---------- Records supplied ----------

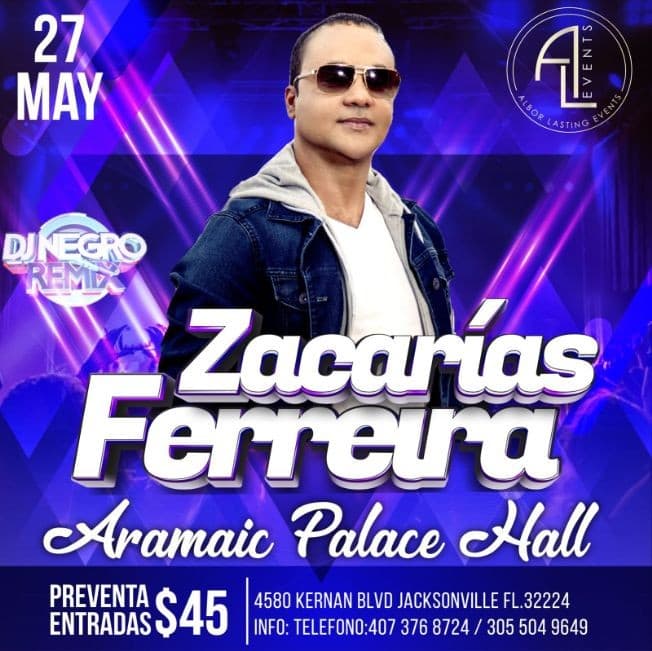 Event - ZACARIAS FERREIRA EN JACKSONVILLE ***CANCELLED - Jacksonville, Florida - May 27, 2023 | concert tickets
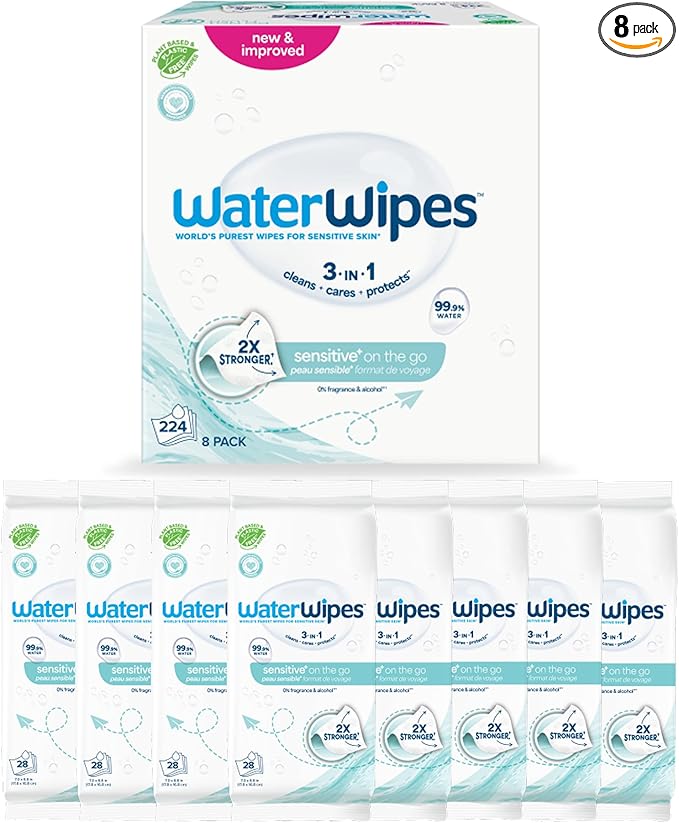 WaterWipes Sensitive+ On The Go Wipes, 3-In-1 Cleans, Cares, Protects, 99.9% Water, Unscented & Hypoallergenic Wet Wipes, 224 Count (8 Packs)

----------
---------- Records supplied ----------

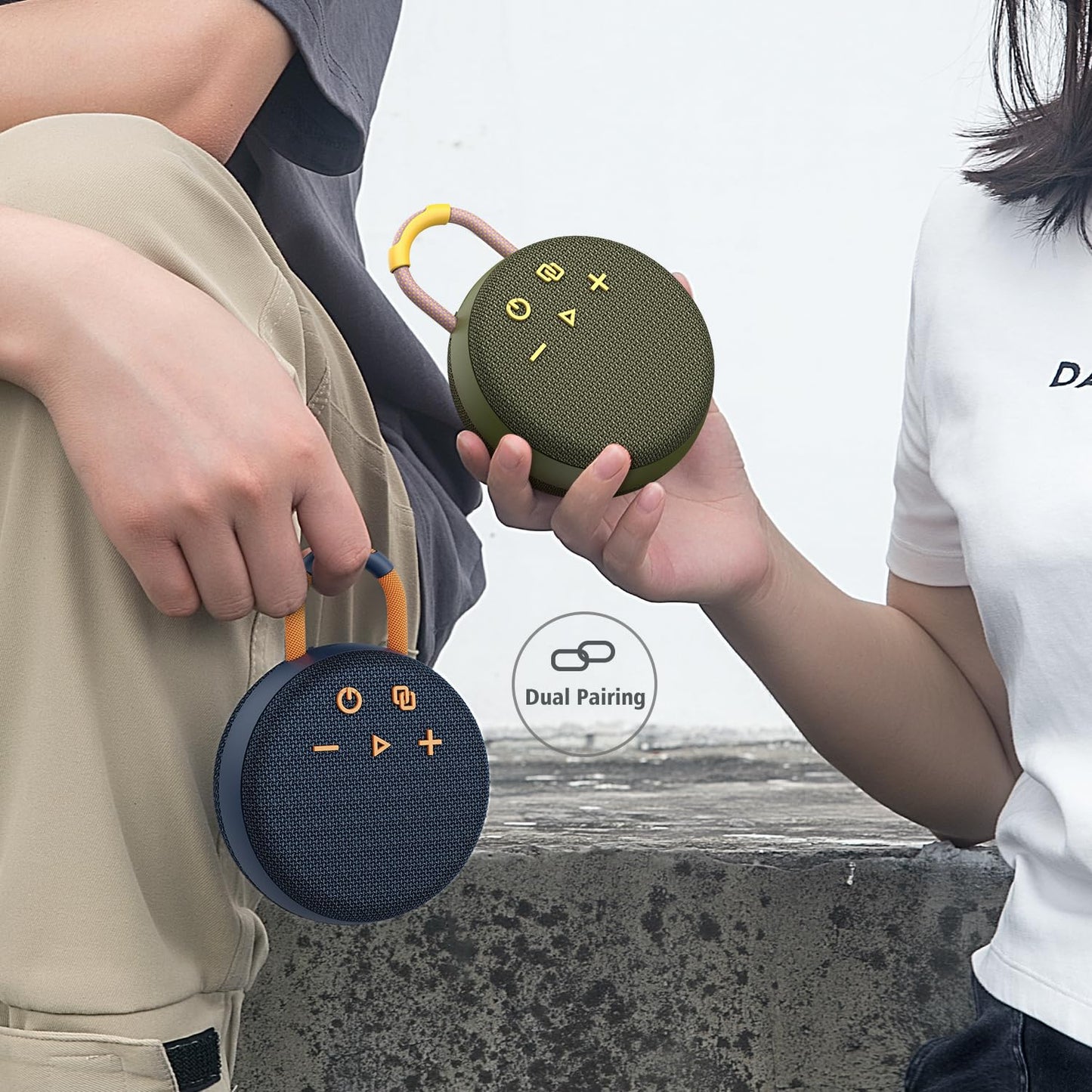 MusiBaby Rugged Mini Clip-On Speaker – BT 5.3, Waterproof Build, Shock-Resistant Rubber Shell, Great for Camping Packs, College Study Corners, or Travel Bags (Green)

----------
---------- Records supplied ----------

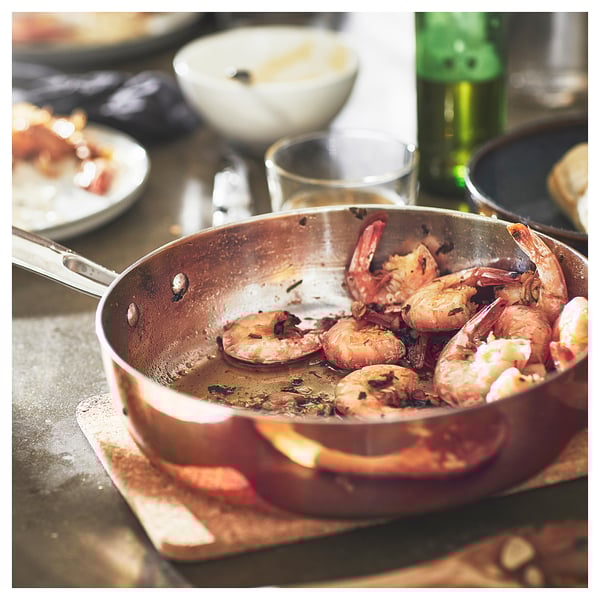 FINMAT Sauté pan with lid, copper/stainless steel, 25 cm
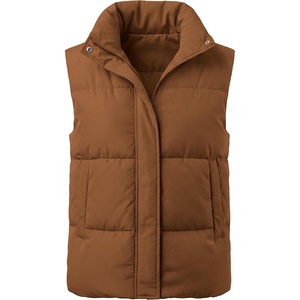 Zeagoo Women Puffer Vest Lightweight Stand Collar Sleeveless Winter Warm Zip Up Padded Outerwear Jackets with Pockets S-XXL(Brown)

----------

▶ [What you are asked to do]: Would you give again, exactly, the lines in the data above that run from the line containing "Event - ZACARIAS" to the line containing "WaterWipes Sensitive+ On"? Include both ends and no pictures.

▶ [Task output]:
 Event - ZACARIAS FERREIRA EN JACKSONVILLE ***CANCELLED - Jacksonville, Florida - May 27, 2023 | concert tickets
 WaterWipes Sensitive+ On The Go Wipes, 3-In-1 Cleans, Cares, Protects, 99.9% Water, Unscented & Hypoallergenic Wet Wipes, 224 Count (8 Packs)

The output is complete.